Will the Court Move the Goalposts Again?
By Susan E. Wills Special to the Herald
(From the issue of 7/28/05)
Ever since Roe v. Wade, the U.S. Supreme Court has constantly
changed the rules of the game in cases involving abortion. Doctrines and
principles of interpretation that the Supreme Court applies in every other
context are cast aside to achieve abortion-favorable results.
Retiring Justice Sandra Day O’Connor condemned the Court’s tendency to
move the goalposts:
"The Court’s abortion decisions have already worked a major distortion in
the Court’s constitutional jurisprudence. … Today’s decision … makes it
painfully clear that no legal rule or doctrine is safe from ad hoc
nullification by this Court when an occasion for its application arises in a
case involving state regulation of abortion" (dissent in Thornburgh v.
American Coll. of Obst. & Gyn., 1986).
Another obvious example is the 2000 decision Hill v. Colorado.

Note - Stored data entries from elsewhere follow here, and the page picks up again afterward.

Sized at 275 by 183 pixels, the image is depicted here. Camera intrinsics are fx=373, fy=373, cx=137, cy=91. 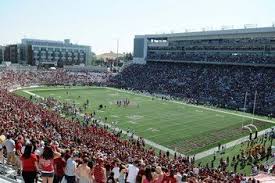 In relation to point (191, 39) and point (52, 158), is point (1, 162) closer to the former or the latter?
point (52, 158)

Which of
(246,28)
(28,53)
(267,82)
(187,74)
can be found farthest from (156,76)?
(28,53)

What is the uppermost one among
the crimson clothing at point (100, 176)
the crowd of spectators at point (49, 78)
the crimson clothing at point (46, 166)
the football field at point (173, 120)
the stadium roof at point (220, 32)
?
the stadium roof at point (220, 32)

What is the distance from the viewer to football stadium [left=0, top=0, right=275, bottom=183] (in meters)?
10.0

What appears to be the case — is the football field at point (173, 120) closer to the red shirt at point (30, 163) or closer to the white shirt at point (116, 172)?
the white shirt at point (116, 172)

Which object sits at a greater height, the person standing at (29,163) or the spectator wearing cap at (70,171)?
the person standing at (29,163)

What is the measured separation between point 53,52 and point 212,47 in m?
70.8

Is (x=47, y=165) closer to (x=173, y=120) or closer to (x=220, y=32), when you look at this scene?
(x=173, y=120)

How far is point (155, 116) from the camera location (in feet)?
143

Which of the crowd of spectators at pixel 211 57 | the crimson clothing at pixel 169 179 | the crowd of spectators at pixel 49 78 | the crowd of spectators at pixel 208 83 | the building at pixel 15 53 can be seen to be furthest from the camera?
the building at pixel 15 53

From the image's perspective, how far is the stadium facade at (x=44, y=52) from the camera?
123625 millimetres

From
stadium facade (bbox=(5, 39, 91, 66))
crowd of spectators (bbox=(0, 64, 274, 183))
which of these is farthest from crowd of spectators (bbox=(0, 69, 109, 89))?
stadium facade (bbox=(5, 39, 91, 66))

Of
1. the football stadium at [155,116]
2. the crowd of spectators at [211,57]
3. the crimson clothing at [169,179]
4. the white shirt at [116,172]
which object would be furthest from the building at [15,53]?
the crimson clothing at [169,179]

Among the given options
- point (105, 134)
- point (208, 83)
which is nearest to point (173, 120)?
point (105, 134)

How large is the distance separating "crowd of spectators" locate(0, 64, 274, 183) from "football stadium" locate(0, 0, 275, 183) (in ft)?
0.12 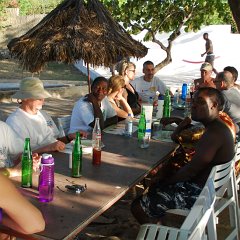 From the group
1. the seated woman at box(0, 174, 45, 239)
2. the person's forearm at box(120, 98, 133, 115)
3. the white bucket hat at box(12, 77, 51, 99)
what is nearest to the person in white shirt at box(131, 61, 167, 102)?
the person's forearm at box(120, 98, 133, 115)

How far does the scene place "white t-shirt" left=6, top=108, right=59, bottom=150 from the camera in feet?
12.0

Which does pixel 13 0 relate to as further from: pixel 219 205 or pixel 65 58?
pixel 219 205

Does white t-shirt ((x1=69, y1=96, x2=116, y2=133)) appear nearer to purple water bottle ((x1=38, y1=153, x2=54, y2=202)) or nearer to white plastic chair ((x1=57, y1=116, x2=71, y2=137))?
white plastic chair ((x1=57, y1=116, x2=71, y2=137))

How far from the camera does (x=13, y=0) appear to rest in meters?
25.0

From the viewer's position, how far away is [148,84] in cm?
711

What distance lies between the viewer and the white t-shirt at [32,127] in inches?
144

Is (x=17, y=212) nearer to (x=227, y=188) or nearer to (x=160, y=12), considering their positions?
(x=227, y=188)

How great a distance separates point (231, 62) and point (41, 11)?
13.3 metres

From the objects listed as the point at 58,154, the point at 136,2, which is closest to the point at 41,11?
the point at 136,2

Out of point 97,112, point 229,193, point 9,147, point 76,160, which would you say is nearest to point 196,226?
point 76,160

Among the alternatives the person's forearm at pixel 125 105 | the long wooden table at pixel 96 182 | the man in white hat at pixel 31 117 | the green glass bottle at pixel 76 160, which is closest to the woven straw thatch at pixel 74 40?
the person's forearm at pixel 125 105

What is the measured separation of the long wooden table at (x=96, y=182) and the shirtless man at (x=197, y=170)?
0.24 meters

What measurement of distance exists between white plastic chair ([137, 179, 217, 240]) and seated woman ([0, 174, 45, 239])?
774mm

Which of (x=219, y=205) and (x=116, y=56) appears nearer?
Result: (x=219, y=205) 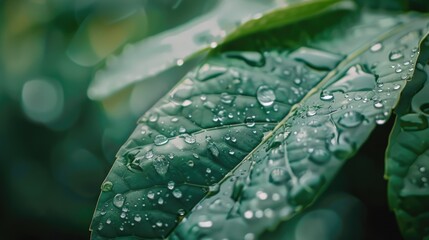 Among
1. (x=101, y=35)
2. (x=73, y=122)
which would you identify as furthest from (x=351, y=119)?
(x=73, y=122)

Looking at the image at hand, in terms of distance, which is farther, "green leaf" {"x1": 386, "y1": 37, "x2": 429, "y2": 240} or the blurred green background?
the blurred green background

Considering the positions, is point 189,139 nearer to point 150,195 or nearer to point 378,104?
point 150,195

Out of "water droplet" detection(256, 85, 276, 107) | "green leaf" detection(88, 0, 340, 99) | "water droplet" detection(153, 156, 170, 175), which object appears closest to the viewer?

Normally, the Court reads the First Amendment very broadly to protect free
speech, no matter how offensive (protecting KKK marches, flag burning,
pornography). But when it involves free speech to educate or counsel someone
on public property within 100 feet of an abortion clinic, look out. You may
get jailed if you walk within eight feet of such person.

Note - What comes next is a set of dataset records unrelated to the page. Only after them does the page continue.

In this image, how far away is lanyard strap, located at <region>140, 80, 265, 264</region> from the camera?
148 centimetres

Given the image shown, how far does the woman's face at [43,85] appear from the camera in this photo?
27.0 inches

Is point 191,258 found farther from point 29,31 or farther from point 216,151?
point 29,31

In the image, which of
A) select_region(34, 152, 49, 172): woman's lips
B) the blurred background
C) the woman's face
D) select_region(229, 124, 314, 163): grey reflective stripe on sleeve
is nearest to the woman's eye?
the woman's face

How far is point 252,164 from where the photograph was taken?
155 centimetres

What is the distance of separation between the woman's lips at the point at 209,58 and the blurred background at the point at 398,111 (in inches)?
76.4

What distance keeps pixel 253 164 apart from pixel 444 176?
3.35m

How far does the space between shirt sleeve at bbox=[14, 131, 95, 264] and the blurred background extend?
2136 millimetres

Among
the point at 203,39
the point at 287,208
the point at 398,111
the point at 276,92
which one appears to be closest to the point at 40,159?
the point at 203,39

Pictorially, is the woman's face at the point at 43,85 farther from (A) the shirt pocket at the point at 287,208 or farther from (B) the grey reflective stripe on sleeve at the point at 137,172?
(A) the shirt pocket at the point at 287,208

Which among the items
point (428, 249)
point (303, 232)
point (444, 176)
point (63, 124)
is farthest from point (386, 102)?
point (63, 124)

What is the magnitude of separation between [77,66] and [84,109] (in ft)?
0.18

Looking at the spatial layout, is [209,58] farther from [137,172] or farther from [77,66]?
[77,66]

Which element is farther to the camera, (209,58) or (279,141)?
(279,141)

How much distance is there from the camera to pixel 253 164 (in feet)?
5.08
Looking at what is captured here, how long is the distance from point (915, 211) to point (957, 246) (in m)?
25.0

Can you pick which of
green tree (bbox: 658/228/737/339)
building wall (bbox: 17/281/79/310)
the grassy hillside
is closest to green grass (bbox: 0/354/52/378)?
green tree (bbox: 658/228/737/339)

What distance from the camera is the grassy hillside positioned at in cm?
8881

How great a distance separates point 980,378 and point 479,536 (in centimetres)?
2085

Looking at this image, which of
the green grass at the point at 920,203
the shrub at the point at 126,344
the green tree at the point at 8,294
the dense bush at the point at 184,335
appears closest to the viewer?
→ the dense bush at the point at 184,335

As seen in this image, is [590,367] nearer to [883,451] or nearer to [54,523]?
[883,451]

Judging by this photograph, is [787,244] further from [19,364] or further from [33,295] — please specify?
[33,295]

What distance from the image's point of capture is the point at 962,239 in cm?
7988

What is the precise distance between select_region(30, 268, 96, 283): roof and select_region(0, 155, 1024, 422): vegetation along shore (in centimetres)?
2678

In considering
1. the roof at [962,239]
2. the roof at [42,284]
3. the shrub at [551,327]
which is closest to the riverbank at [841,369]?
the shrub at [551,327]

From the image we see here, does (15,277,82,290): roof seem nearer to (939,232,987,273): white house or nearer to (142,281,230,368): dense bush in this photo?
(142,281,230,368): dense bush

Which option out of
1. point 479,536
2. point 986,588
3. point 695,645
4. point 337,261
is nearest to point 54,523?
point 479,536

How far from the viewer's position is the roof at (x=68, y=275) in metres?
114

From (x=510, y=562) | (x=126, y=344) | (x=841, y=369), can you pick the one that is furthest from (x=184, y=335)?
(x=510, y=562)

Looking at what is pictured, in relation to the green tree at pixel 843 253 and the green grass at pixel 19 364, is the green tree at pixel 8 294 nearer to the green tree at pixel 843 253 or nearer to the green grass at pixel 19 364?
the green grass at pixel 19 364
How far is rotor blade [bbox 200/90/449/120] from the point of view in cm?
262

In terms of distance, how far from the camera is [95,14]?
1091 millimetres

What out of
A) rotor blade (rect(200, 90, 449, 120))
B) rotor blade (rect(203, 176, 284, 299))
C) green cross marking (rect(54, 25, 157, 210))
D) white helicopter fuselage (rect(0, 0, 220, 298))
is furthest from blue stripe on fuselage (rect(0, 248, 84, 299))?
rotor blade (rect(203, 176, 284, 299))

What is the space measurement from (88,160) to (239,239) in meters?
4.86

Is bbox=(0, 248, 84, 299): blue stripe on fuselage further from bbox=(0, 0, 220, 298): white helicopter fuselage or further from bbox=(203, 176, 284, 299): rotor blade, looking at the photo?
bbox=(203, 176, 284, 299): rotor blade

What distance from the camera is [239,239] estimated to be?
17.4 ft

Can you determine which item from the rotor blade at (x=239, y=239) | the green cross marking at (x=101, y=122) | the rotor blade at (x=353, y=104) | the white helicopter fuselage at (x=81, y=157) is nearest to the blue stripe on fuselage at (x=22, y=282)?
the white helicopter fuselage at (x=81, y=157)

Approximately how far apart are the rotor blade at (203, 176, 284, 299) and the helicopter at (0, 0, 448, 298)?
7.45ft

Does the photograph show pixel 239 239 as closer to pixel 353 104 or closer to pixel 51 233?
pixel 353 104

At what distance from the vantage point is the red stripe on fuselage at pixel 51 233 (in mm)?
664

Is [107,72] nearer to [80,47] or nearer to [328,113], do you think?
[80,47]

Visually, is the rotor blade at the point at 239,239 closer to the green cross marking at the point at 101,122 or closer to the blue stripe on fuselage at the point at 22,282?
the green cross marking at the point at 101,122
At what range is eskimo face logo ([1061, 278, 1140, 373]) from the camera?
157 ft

Dissenting in Roper v. Simmons (in which the Court invalidated
state statutes permitting the execution of anyone who committed a capital
offense before age18), Justice Antonin Scalia noted the differing standards
used to assess maturity/responsibility in different contexts. States are
allowed to prohibit those under 18 from drinking, voting, serving on juries
and marrying without parental consent, he said. Yet girls as young as 13
have been found sufficiently mature to reach a decision to have an abortion
without any parental involvement.
This fall the Supreme Court will hear Ayotte v. Planned Parenthood
of Northern New England, a challenge to New Hampshire’s parental notice law.
This case presents another serious deviation from standard jurisprudence —
ironically, one introduced by Justice O’Connor. For years, courts have been
striking down abortion regulations even before they go into effect on the
basis of preemptive "facial challenges." Such laws are found invalid if they
"impose an undue burden" on the "right to abortion of a significant number
of women," applying the malleable standard invented by Justice O’Connor in
Planned Parenthood v. Casey (1992).
But in every other area of law, determining constitutionality in a facial
challenge is "the most difficult challenge to mount successfully since the
challenger must establish that no set of circumstances exists under which
the Act would be valid" (United States v. Salerno, 1987). This
normally guarantees a full trial on the merits.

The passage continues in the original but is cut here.